幸せそうな顔をみせて【完】
 ボタンが全部外され、そして、いつしか下着まで全部ベッドの下に投げ捨てられていた。生まれたままの姿にされ、空気を直に肌で感じてしまう。逃れようと身体を捩ったからか、髪も乱れ、さっきの長すぎるくらいにキスで息も乱れている。でも、恥ずかしいけど嫌じゃなくて…。


 熱と恥ずかしさに泣きそうになる。そして、私の身体が熱を持っていった。


「恥ずかしい」

 
 掠れる声に副島新は私の身体を抱きよせ、耳元で囁くのだった。


「何が?こんなに綺麗なのに。もっと乱れる葵が見たい」


「悪趣味」


「そうか?」


 いつの間にか私の身体に掛かっていたガーゼのタオルケットは捲れてしまい、私の身体は副島新の視線に晒されていた。視線の熱さに自分の身体が燃えるのではないかと思う。あまりの恥ずかしさに隠そうと両手で自分の身体を抱きしめようとしたけど、それも叶わず、私の両手は副島新の手によってシーツに縫いとめられた。


 副島新は私の上に身体を乗せ、足を絡ませてくる。
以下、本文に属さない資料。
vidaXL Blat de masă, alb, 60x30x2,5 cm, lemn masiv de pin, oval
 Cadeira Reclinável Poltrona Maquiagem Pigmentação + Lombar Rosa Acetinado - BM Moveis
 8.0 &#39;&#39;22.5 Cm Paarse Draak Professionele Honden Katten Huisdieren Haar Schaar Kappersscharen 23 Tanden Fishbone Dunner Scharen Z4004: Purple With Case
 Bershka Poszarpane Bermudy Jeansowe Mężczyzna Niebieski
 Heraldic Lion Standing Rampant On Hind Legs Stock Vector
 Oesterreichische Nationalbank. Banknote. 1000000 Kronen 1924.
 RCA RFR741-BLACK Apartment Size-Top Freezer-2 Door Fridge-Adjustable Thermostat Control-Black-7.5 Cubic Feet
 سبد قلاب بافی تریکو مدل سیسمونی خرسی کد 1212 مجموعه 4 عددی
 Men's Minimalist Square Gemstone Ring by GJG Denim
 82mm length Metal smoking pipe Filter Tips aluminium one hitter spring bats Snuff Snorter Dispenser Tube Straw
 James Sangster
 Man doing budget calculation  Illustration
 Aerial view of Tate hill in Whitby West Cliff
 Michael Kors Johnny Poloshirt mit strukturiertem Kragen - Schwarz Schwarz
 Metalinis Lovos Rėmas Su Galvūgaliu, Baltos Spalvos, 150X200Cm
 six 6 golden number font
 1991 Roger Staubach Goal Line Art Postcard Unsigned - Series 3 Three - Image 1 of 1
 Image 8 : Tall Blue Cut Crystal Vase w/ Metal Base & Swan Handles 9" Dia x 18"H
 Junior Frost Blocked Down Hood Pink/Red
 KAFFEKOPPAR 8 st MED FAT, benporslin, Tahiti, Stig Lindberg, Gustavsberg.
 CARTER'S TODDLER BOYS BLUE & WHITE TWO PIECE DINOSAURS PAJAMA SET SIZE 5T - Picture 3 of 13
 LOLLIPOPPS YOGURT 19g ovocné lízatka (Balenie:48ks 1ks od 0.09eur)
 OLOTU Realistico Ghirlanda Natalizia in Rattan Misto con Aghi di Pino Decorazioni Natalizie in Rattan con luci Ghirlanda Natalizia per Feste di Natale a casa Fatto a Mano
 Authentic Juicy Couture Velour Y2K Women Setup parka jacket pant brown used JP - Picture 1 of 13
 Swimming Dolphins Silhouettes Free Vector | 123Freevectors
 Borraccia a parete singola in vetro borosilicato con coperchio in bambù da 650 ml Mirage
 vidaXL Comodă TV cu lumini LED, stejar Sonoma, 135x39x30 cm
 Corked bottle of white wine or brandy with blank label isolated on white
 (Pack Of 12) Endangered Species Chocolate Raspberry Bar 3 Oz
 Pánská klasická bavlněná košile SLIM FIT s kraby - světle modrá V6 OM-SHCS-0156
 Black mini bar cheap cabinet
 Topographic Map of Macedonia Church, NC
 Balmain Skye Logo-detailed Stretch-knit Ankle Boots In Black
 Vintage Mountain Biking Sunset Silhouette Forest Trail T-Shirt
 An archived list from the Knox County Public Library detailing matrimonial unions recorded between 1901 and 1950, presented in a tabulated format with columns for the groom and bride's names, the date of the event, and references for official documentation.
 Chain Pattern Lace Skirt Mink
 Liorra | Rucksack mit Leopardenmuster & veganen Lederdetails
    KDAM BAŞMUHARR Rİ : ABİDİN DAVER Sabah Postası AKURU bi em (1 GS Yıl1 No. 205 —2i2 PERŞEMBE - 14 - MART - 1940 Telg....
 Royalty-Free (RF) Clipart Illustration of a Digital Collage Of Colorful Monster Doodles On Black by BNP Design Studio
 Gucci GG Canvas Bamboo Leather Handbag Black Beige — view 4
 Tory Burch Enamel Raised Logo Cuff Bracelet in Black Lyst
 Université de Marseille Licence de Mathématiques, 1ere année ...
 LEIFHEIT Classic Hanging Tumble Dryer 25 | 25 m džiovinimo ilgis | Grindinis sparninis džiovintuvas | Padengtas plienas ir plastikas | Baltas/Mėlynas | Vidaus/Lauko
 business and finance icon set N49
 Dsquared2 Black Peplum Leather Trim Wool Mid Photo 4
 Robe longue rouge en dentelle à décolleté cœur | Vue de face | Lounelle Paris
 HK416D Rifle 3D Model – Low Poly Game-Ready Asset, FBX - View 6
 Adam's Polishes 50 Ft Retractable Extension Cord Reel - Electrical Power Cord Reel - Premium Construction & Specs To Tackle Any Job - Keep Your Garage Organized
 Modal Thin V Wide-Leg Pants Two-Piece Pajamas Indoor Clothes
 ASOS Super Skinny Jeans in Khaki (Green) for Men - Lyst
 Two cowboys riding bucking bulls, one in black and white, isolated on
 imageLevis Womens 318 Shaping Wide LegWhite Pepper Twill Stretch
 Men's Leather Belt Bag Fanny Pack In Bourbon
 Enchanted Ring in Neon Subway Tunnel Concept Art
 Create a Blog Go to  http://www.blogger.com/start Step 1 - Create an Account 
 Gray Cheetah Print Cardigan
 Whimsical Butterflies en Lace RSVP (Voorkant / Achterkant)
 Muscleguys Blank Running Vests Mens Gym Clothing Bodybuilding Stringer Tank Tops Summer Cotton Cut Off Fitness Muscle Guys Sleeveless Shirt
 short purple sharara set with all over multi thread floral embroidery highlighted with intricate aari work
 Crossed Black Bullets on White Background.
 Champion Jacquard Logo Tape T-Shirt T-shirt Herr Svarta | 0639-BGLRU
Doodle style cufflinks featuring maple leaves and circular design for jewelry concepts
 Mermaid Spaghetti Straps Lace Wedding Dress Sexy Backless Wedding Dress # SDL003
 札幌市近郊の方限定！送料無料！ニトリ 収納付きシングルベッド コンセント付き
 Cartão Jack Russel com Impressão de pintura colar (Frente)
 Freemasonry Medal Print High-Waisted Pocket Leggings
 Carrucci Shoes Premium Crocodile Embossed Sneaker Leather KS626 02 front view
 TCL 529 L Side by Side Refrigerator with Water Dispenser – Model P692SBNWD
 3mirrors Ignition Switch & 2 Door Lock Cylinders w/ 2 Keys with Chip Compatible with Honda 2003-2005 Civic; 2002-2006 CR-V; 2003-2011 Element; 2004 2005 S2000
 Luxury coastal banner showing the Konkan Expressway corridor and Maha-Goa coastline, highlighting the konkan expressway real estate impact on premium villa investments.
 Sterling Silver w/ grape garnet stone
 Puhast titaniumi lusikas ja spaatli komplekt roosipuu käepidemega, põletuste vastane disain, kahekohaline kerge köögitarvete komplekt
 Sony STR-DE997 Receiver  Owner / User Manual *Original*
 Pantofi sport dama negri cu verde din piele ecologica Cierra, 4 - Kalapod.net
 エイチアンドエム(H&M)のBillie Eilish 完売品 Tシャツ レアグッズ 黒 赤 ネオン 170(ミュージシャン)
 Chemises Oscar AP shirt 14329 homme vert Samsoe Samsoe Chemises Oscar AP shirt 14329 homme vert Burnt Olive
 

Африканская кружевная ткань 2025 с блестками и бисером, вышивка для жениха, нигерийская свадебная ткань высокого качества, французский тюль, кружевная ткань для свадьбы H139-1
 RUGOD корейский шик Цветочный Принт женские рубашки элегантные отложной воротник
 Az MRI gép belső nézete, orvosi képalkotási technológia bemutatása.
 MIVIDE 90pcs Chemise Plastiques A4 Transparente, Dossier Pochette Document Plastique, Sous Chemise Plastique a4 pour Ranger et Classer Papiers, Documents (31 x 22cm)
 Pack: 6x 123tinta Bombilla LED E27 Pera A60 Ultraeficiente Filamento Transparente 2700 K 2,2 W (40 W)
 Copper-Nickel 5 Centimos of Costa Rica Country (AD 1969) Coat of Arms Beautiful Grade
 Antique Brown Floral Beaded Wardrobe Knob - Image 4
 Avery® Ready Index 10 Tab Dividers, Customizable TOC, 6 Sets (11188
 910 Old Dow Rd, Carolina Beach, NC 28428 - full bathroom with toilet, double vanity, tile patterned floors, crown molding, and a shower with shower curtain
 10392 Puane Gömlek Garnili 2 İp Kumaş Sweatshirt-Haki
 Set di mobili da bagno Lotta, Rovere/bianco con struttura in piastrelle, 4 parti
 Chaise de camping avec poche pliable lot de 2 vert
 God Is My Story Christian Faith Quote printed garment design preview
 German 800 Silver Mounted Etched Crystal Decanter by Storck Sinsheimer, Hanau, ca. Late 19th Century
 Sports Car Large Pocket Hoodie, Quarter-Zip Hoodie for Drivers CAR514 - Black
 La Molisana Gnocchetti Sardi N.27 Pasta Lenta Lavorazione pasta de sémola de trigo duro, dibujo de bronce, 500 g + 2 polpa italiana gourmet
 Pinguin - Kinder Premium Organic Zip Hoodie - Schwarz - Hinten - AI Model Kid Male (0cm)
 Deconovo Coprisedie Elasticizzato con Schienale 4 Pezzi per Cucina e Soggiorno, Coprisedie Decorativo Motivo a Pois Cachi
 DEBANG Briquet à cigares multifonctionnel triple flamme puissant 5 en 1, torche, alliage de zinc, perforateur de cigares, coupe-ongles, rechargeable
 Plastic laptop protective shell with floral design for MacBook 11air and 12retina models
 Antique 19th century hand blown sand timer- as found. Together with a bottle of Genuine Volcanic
目を見開き見上げると、副島新は今まで見たことのないくらいに切なくそして、甘く私を見つめていた。


「でも、好き」


 それで副島新には私の気持ちが通じたのだと思う。副島新は自分の着ているシャツも無造作に脱ぎ捨てるとベッドの下に投げ捨てられた私の下着の上に同じように投げ捨て、私の身体をギュッと抱き寄せた。私の好きな香りがフワッと私を包んでいく。同じボディシャンプーの香りなのにどこか違う。